In the version 2.0 update, character skins were a new and unique feature that allowed all characters to look different and have new music along with them. Some skins are the same character but from a different game in their respective franchise, while others are from completely different franchises. The 3.0 update added additional character skins, special rendering modes to mimic other earlier computer gaming hardware, and levels inspired by the limited-release Super Mario Bros. Special.

==Development==

The game was created by Jay Pavlina. Further development is done by Zach Robinson, Mathew Valente, et al. Music was emulated with Blargg's Game Music Emu. It took 15 months to create. It was written using ActionScript 3, and made in Adobe Flash CS5. The game was instantly popular on Newgrounds where it was first posted. After its first six hours online, the game had 12,000 views and had won two awards. His next update, version 1.2, released on December 15, 2010, included Sophia the 3rd as a playable character, as well as some minor bugfixes. Versions 1.0 and 1.1 were called Super Mario Crossover.

Version 2.0, released on February 9, 2012, added Luigi and Bass as playable characters.

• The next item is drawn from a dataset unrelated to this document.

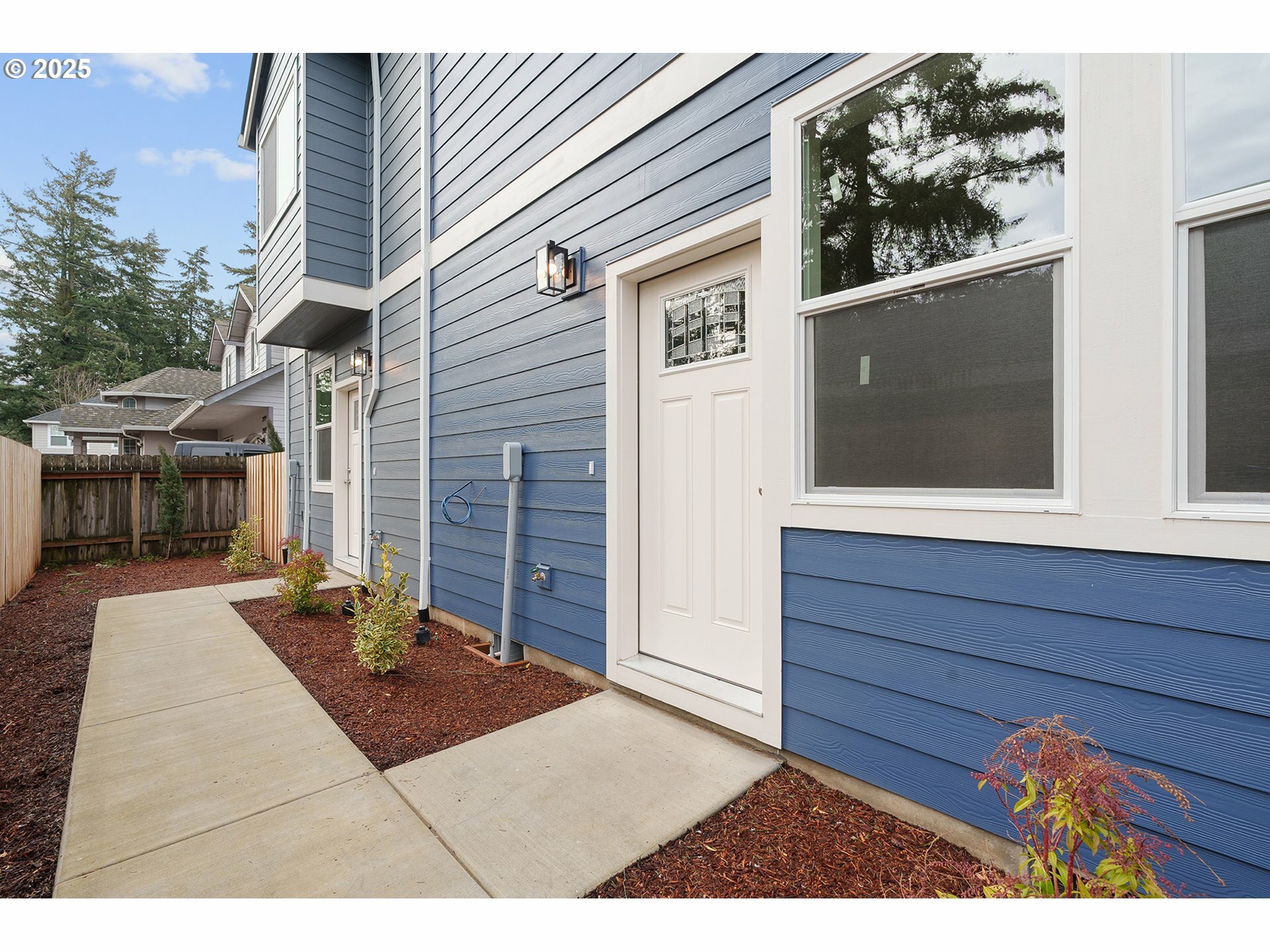 Property Photo:  2873 SE 118th Ave  OR 97266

The update also allowed the user to switch between various graphical looks resembling other games from the Super Mario Bros. series, including Super Mario Land 2: 6 Golden Coins and Super Mario Bros. 3.

In March 2012, Zach Robinson made a poll deciding which game between Super Mario Bros.: The Lost Levels and Super Mario Bros. Special will end up being in a future update. While Super Mario Bros.: The Lost Levels received more votes, Jay Pavlina showed more interest in Special, which was slated for inclusion in version 3.0. He later released The Lost Levels in version 3.1, slated as the last major release.

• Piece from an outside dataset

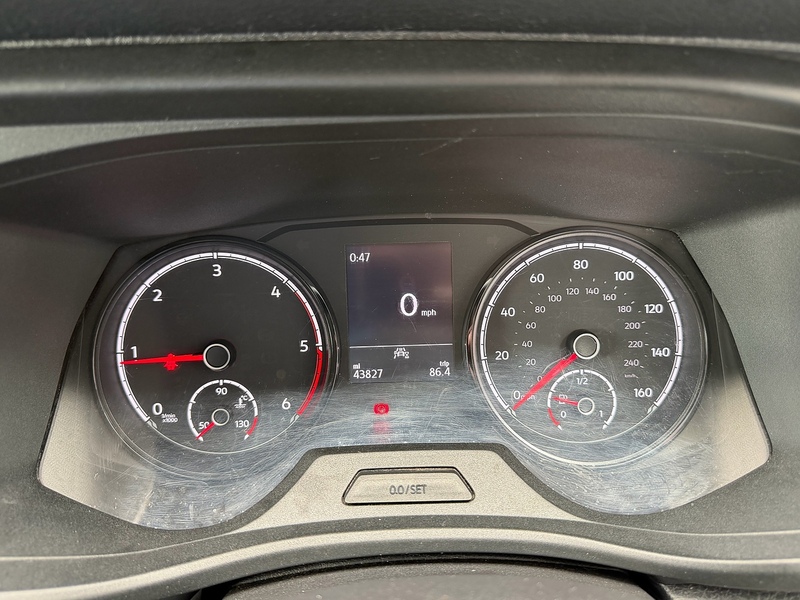 Volkswagen Transporter TDI T28 Highline SWB - U6898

An Atari-style version of Super Mario Bros. Crossover was also created as an April Fools' joke, but the graphics and music have since been incorporated into version 3.0.

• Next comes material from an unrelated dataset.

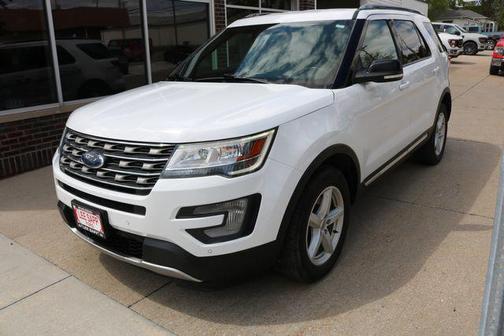Oxford White 2017 Ford Explorer XLT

In November 2014, all non Exploding Rabbit related topics on the Exploding Rabbit forums were moved to "New Game Plus" at www.new-game-plus.com, a new site that was not owned by Pavlina. New Game Plus lasted for three years until it closed down in November 2017 due to lack of funds to keep the server up.

A WebGL port of the game was planned under version 4.0 with an experimental preview, but it was ultimately canceled due to getting a demanding job.

===Super Retro Squad / Super Action Squad===
In June 2012, Exploding Rabbit started a Kickstarter campaign to raise money for Super Retro Squad, a game inspired by Crossover. As all the elements in Crossover are copyrighted, lead developer Jay Pavlina recognized he would not be able to make any profit on his time spent for that game, thus Super Retro Squad would feature original characters, art, and gameplay inspired by the characters and games from Crossover, and would be a commercial endeavour. The Kickstarter surpassed its initial $10,000 request, raising $53,509, and additional features were promised for having surpassed the goal.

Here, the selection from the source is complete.